In einem überraschend ehrlichen Statement erklärte ein Sprecher des Anlagenbetreibers Tepco inzwischen, letztlich könnte sogar mehr Radioaktivität in die Umwelt gelangen als in Tschernobyl. Es besteht allerdings Hoffnung, dass es nicht soweit kommt. Schließlich, so fügte ein Sprecher der japanischen Atomaufsichtsbehörde Nisa, hinzu, habe es anders als in Tschernobyl bislang keine Explosionen im Reaktorkern von Fukushima-1 gegeben.

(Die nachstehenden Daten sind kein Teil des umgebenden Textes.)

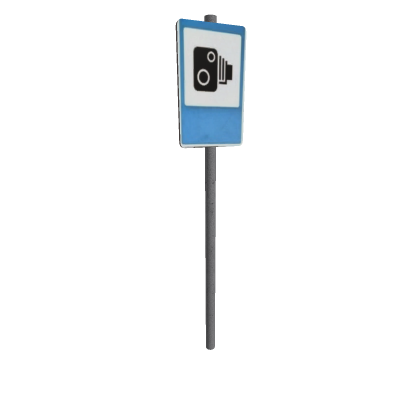 Ukraine Photo Fixation Sign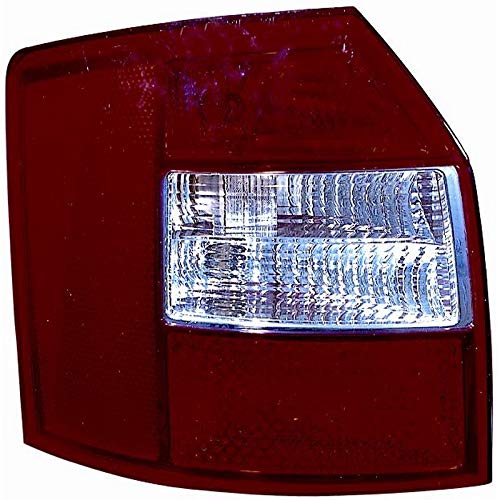 7438635070212 Derb Faro Gruppo Ottico Posteriore Sx Sinistro [Lato Guida] - Versione Station Wagon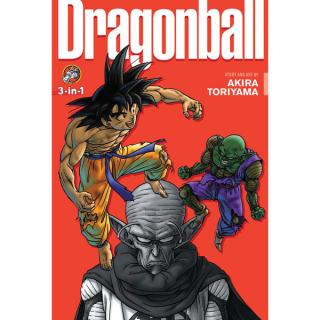 Dragon Ball 3in1 Edition 06 (Includes 16, 17, 18)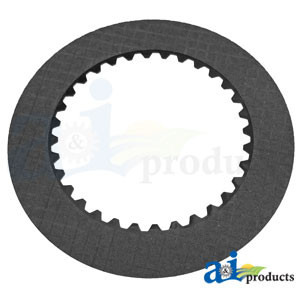 Disc, Friction; PTO Clutch A-5163844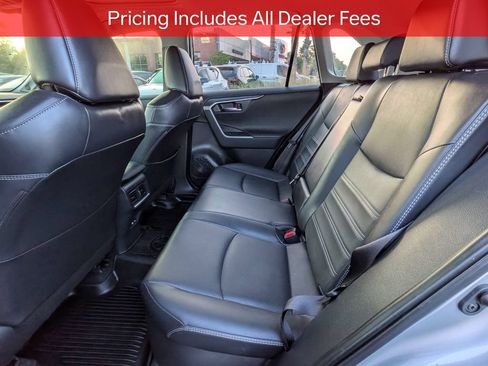 Certified 2023 Toyota RAV4 Limited AWD/4WD image 15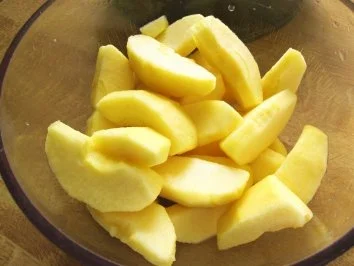 20 cm - Apfelkuchen ... - Rezept - Bild Nr. 2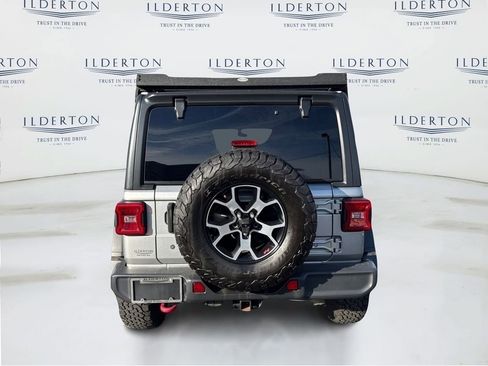 Used 2018 Jeep Wrangler Unlimited Rubicon image 6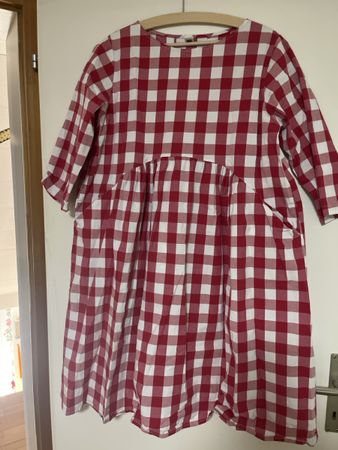 wendy Trendy Karo Kleid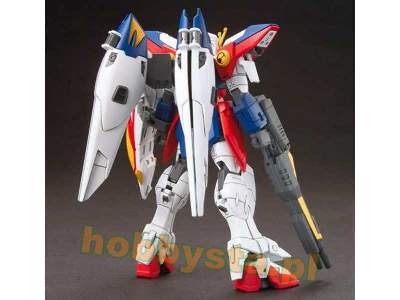 Xxxg 0w00 Wing Gundam Zero Bl (Gundam 58891) - zdjęcie 3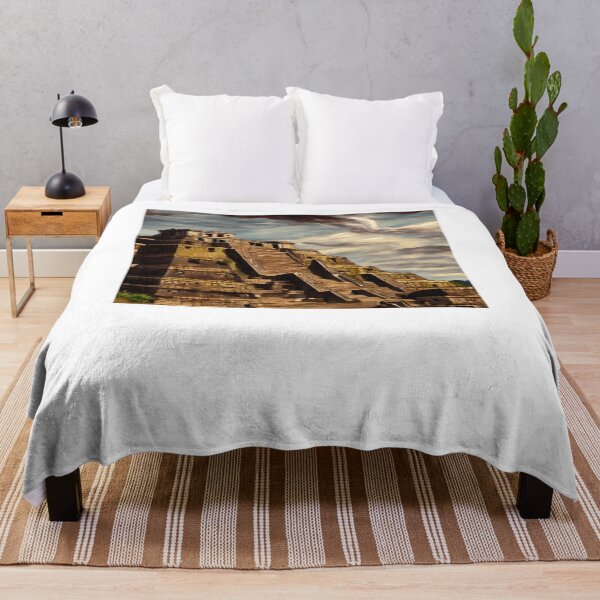 Item preview, Monte Alban, A City Shrouded in Mystery (One of a Series) designed and sold by ArteTeoma.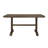 7Pc Counter Height Dining Set Rustic
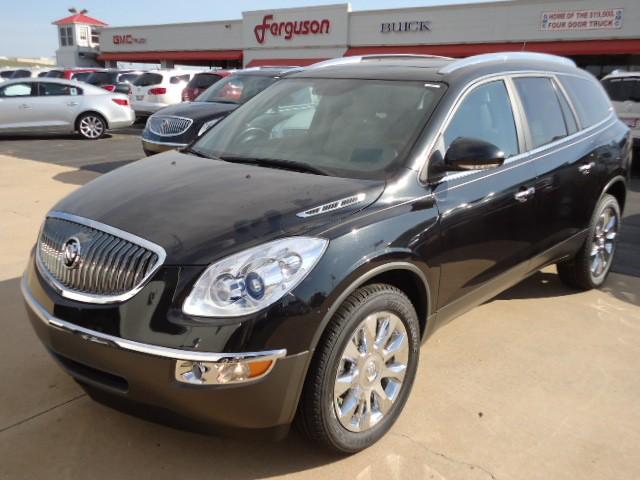 Buick Enclave 2012 photo 1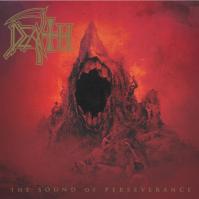 Death: Sound of Perseverance Ltd. (Black, Red -amp; Gold Splatter) LP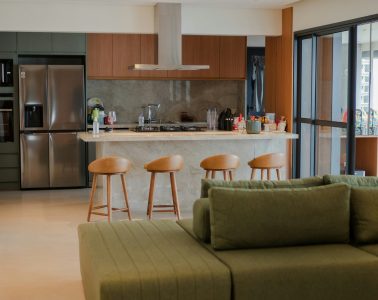 open-plan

Auch die Gefahr, die für die Bevölkerung ausgeht, wird in Japan nun offenbar neu bewertet. So hat die Atomsicherheitskommission erklärt, dass auch in Gebieten, die im Nordwesten mehr als 60 Kilometer und im Südwesten bis zu 40 Kilometer von Fukushima-1 entfernt liegen, die erlaubte Höchstdosis von 1 Millisievert, der ein Mensch über den Zeitraum von einem Jahr ausgesetzt sein darf, inzwischen überschritten sei. Betroffen sind offenbar die Orte Katsurao, Namie, Iitate sowie Teile von Kawamata und Minamisoma. Die Evakuierungszone rund um das Kraftwerk wurde deshalb auf diese Gemeinden ausgedehnt.

Innerhalb der 20-Kilometer-Zone wurden Werte von weniger als einem Millisievert bis hin zu mehr als 100 Millisievert gemessen, in der Zone zwischen 20 und 30 Kilometer um das havarierte Kraftwerk wurden Werte von weniger als 50 Millisievert festgestellt. Diese Werte gelten nicht pro Stunde, sondern stellen die Belastung für den Zeitraum seit der Freisetzung dar. Doch Menschen, die bislang dort über längere Zeit der Strahlung ausgesetzt waren, könnten die Höchstdosis von einem Millisievert pro Jahr bereits erheblich überschritten haben.